__WHAT IS EXPECTED__: Without reproducing any image, print the listing below exactly.
----- DATASET CONTENT -----
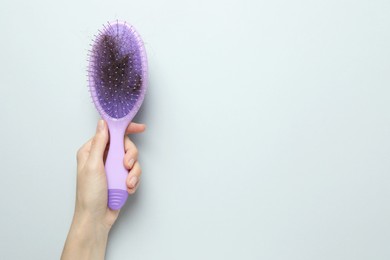 Photo of Woman with brush and lost hair on grey background, top view. Space for text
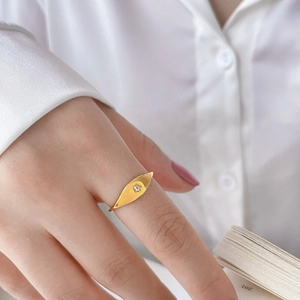Détail macro de bague en acier titane doré avec motif olive et insert en zircone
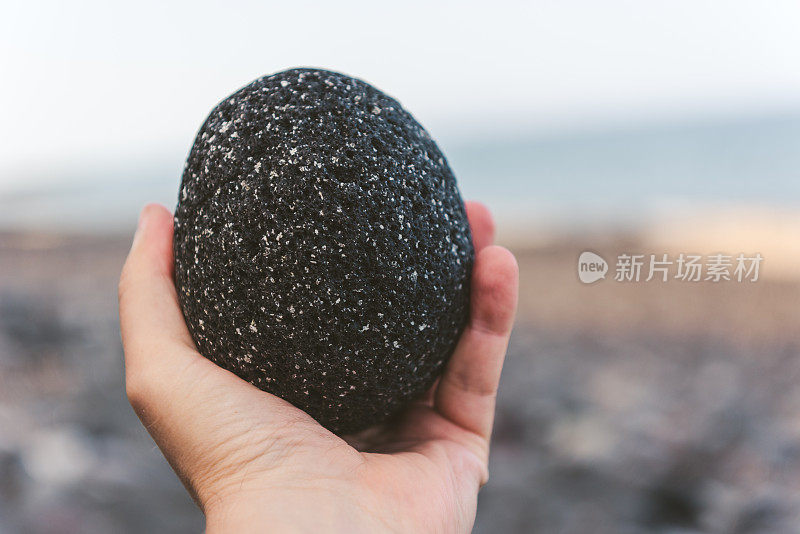 持有圣托里尼岛的黑色火山岩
-----
__FINISHED TASK__:
 Photo of Woman with brush and lost hair on grey background, top view. Space for text
Détail macro de bague en acier titane doré avec motif olive et insert en zircone
 持有圣托里尼岛的黑色火山岩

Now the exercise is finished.